Kronfeld’s “rhythmic orientation” under the tutelage of her drummer father influenced her first published scholarly article, “The Philosopher’s Bass Drum,” in 2019.
The essay explores the politics of rhythm in jazz and critically engages the aesthetics of German philosopher and musicologist Theodor Adorno, who “notoriously asserted” in 1936, that “jazz can be easily adapted for use by fascism,” Kronfeld wrote.
Kronfeld has just completed a comprehensive essay on Immanuel Kant for the Johns Hopkins Guide to Critical and Cultural Theory, and her chapter for the Cambridge Companion to Philosophy and Literature defends the importance of verbal art for critical thinking, drawing on Virginia Woolf and Toni Morrison: “I talk about the power of the knowledge that is encoded in verbal art through its form — just like rhythmic form encodes knowledge in jazz,” she explains.
Last month, Kronfeld performed at the Winter Jazz Festival in New York City with one of her most treasured collaborators, multi-instrumentalist, composer, producer and creative activist Georgia Anne Muldrow. The performance was part of Muldrow’s “in-the-moment” series, a topic Kronfeld wrote about in her essay “Structure in the Moment: Rhythm Section Responsivity” for Jazz & Culture.
Kronfeld deeply treasures her keyboard work with world-renowned jazz pianist and composer Taylor Eigsti, who won the Grammy last year for Best Contemporary Instrumental Album. Eigst’s latest album, Plot Armor, which features Kronfeld along with a star-studded ensemble, will be released on March 1. The group plays Eigsti’s whimsical composition at break-neck speed in a recent live in-studio performance.
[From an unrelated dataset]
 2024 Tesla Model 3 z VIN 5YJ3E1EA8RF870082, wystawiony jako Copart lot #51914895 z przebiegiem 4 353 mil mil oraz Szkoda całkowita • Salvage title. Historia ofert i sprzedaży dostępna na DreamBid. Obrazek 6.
Kronfeld has also been active musically on the homefront. Last month, she joined N.C. Central University professor of percussion and jazz studies Thomas Taylor in a tribute performance for the pioneering jazz drummer Max Roach in Elizabeth City on the North Carolina coast. Roach was a native of Newland, about 20 miles northwest of Elizabeth City. He would have turned 100 this year.
“It was such an honor,” she said about playing at his centennial celebration. “Max Roach’s daughter, violist Maxine Roach flew down [for the tribute]. It was so special. My late father deeply respected Max Roach for his music and his activism.”
Kronfeld was an invited scholar-in-residence at the University of Pittsburgh’s Jazz studies department last fall. In Spring 2025, she will offer her Duke course “Conversations: Jazz and Literature,” where in addition to literary works, students will learn from the ways Black music innovators have theorized their own practices.
“I am excited to provide opportunities where performance practice and theoretical reflection are intertwined the way they have always been meant to be,” Kronfeld said.
While celebrating the album’s Grammy triumph, Kronfeld said she had a chance to speak with Zuraitis, who had had a whirlwind weekend of calls and interviews.
“I told her she’s handling it all incredibly gracefully, but now get some sleep,” Kronfeld said.